Tue 22 May 07 10:19 pm :: http://blackphi.blog-city.com/

England, and therefore English, was a big battleground between Protestant and Roman Catholic faiths in the late 16th Century, of course. When Protestants started producing English versions of the Bible, the RC authorities seem to have suddenly changed track - they wanted their laity to read their version, which, as you say, was heavily annotated, as well as being based on the Latin Vulgate, rather than the Greek commonly used by Protestants. Somewhere round the house I've got an old Knox Bible from the early 1950's which also has lots of interesting annotations.

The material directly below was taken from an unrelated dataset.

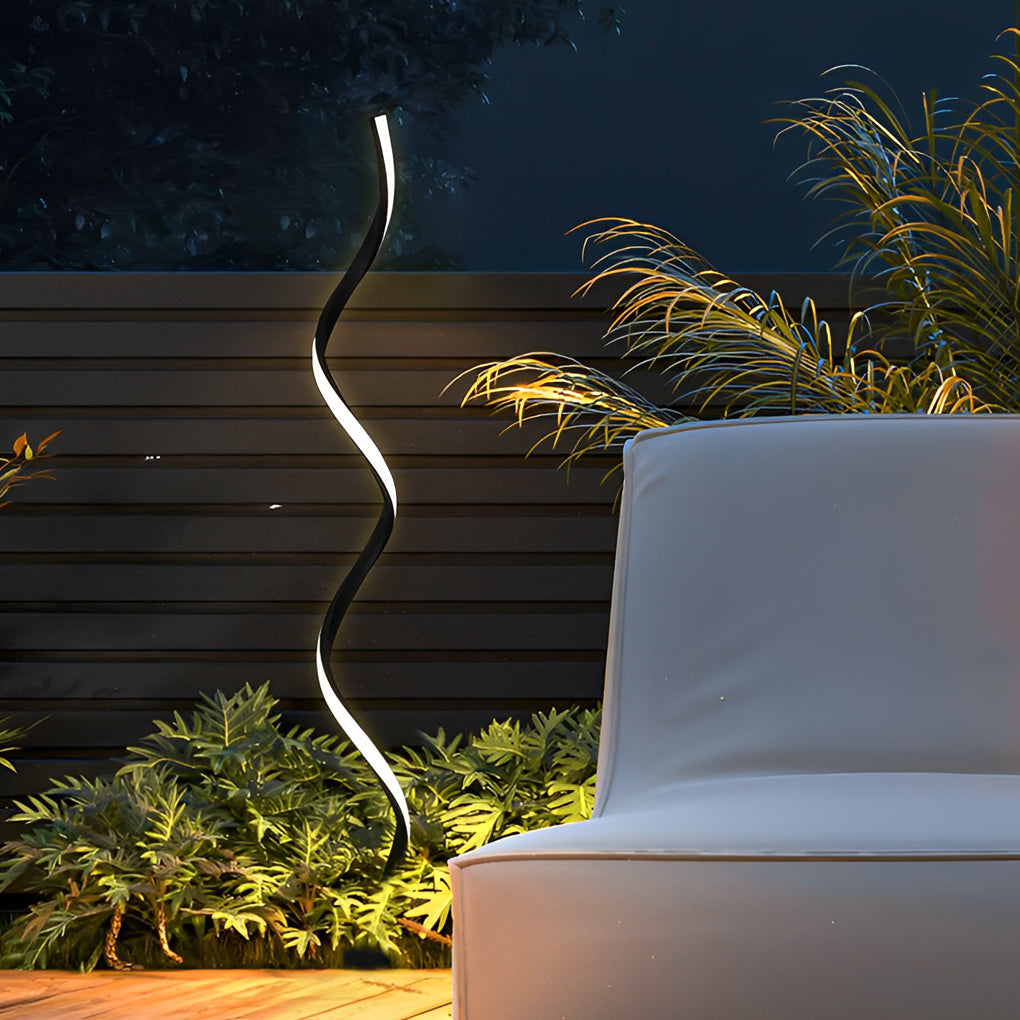 Twisted Seaweed Shaped Solar Lawn Lights Li002228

I think one of the many problems that Vatican II tried to address was that local practice around the world differed so much from the official position of the central authority; lay use of Scripture was likely one of these. For example Pope Pius XII in 1943, in Divino Afflante Spiritu quoted Leo XIII in 1893 as promoting the use of the Bible by all the members of the (RC) church: "that such an excellent source of Catholic revelation might be more securely and abundantly available to the advantage of the Christian flock". Similarly he quotes Pius X as promoting reading and meditating on Scripture, "to dissipate the idea that the Church is opposed to or in any way impedes the reading of the Scriptures in the vernacular". How far back these ideas go before Leo XIII is hard to tell, not least because of the habit popes seem to have of claiming that their ideas are never anything new - they are always 'what the Church has always said'.
Clearly, official approval of lay Bible reading goes back at least to the nineteenth century, well before Vatican II; but, from your mother's experience, it is also clear that the official view didn't always reach the ground.


7. Jonathan left...
Sun 27 May 07 11:12 pm

Check out EvilBible.com - I don't think any contemporary book or magazine could even come close to competing with the carnage and horrors contained in the Bible.


8. Darwin left...
Tue 29 May 07 3:09 am

If the magazine includes some articles on Iraq and terrorism, it would reflect a lot of evil too.